He was, to be sure, a controversial figure, heralded by some and attacked by others for his outspoken views. In particular, virtually every article and obituary about him has discussed a wager that he made with the economist, Julian Simon. It has become known simply as “The Bet.” Missing from nearly every mention is the full background of this wager and why, in many respects, Paul Ehrlich won.

Ehrlich and many other scientists were worried about scarcity because of growing population and consumption. This was best represented by a famous report from the Club of Rome, called Limits to Growth. The basic idea was neo-Malthusian: as a population increases, its consumption needs will at some point exceed the limits of resource production and its consumption impacts will exceed the limits of natural systems.

Simon disputed this theory. An economist who argued that population growth was actually “a triumph for mankind” because it provided more people to solve problems, invent, and create, Simon liked to say that we need not worry about running out of resources because human ingenuity is the ultimate resource that ensures plenty. The basic idea was one of market substitution.  Simon and, for that matter, many mainstream economists argued that the market can solve any problem because scarcity of a valuable resource drives up the price. This creates an incentive for ingenious people to innovate and find solutions. To be sure, there are many examples of this around us. An early plastic known as Bakelite was invented to substitute for the increasingly expensive ivory billiard balls; its invention reduced poaching pressure on elephants.

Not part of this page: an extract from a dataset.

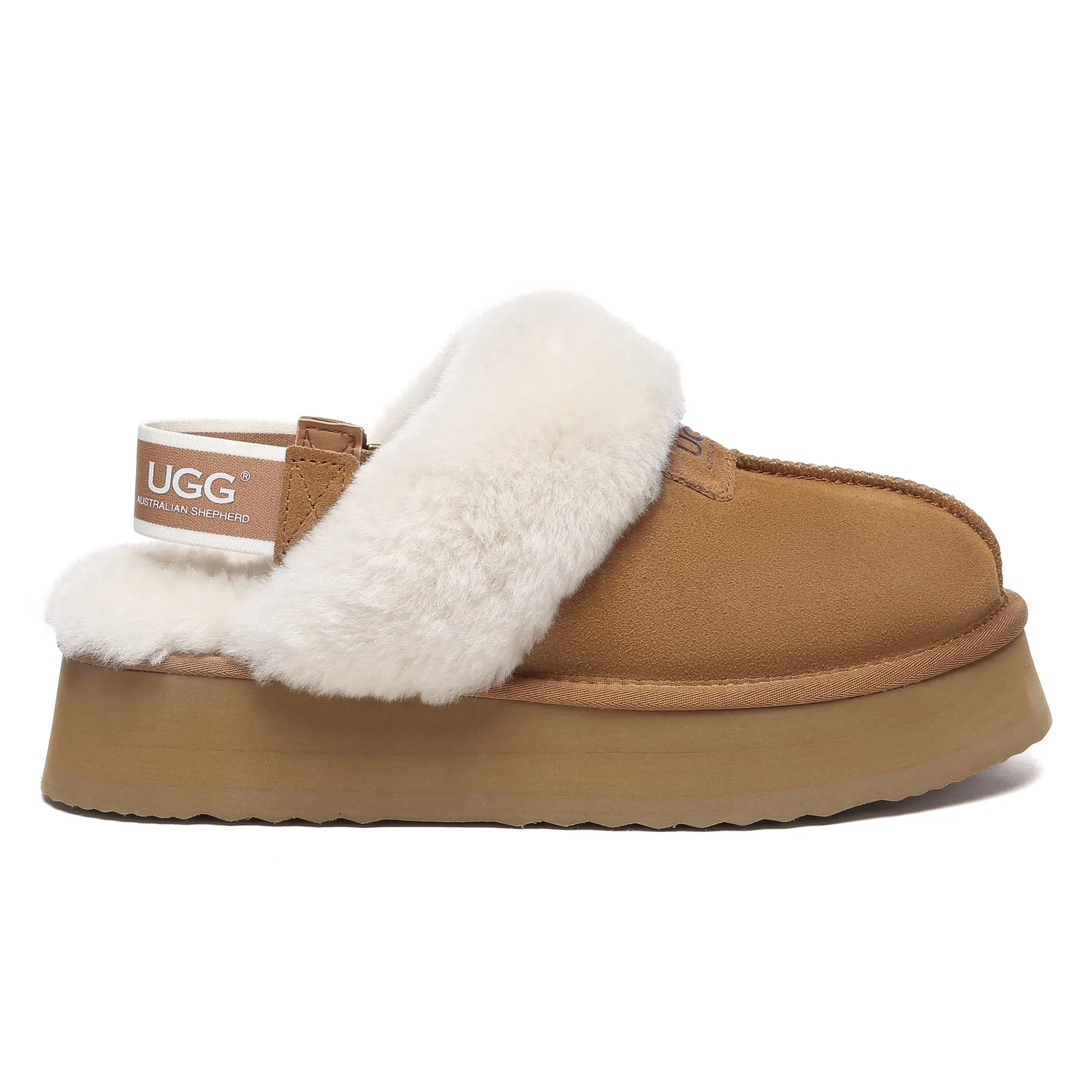 UGG Removable Strap Slingback Slippers Special Colors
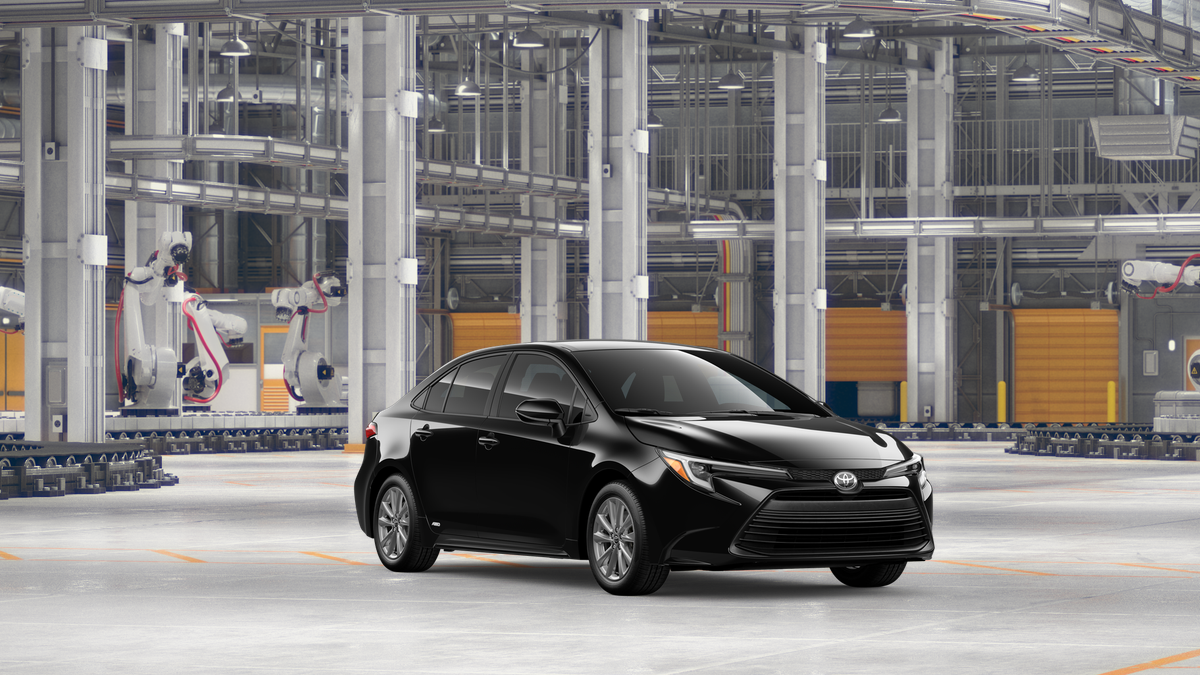 2026 Toyota Corolla Hybrid LE AWD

Simon was a skilled self-promoter, having run a mail order and advertising business. He was also a contrarian (his autobiography was titled, A Life Against the Grain). He publicly hounded Ehrlich and his colleagues, John Holdren and John Harte, and their messages of ecological harm, calling them “false prophets.” In 1980, he publicly challenged them to choose five raw materials: if consumption were indeed increasing and supplies were constant, then their prices should rise over a decade. Ehrlich, Harte and Holdren agreed to the bet of $1,000, choosing five metals. In 1990, adjusted for inflation all five metals had dropped in price, primarily because of technological advances. They paid up, much to the glee of Simon (although economists have shown that he would have lost during different decades).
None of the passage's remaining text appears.